As a fan of Adventure Time, Graham said that having a set idea was helpful, as otherwise he would be forced cover all aspects of the episode he admires in the finished product. He described a couple of elements he put in the episode as fan art, namely BMO, even though the character has a minor part. Happy with how the episode resulted, Graham said that he likes how driven the episodes are by the storyboard artists and that "you can really tell who worked on what". He also stated that the work of the storyboard artists is similar to the "kind of stuff" he enjoys and tries to put in his own work. Regarding his Multiple Warheads comic, Graham later wrote that the episode taught him to see storytelling from a different perspective. For his comic book work, Graham entertained the idea of permitting the same freedoms with which Adventure Time is produced, such as focusing on the growth of the fictional setting apart from the story. While complimenting the Frederator Studios crew for their talent and amiability, he said he was terrified when they read through the rough passes on his computer.
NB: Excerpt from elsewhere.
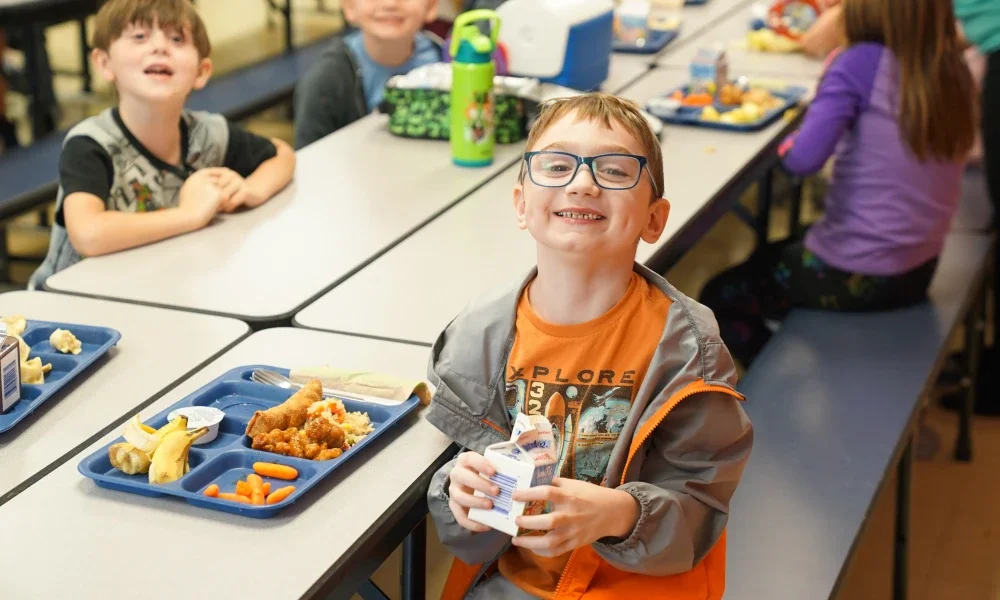 Students eating lunch in a school cafeteria.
Later, artist Michael DeForge worked on cleaning up props Graham had designed. Graham said that it was "cool knowing that such an impressive artist was tweaking what I'd done".

==Release and reception==
"Jermaine" originally aired on April 23, 2015, on Cartoon Network. It was watched by nearly a million and a half viewers, receiving a Nielsen rating of 0.3 for adults in the 18- to 49-year-old demographic. According to TV by the Numbers, it was the 94th most-watched cable television episode of its air date. The A.V. Club writer Oliver Sava gave the episode an A grade, describing the voice acting of Scharpling and DiMaggio as having a brotherly bond that fits with the episode. He called the episode a metaphor for having to let go of "physical reminders of the past" in order to truly escape from something, with Jermaine being the opposite of this. Sava praised Graham and his work on the episode, saying that he is eager to see more from him for the Adventure Time universe.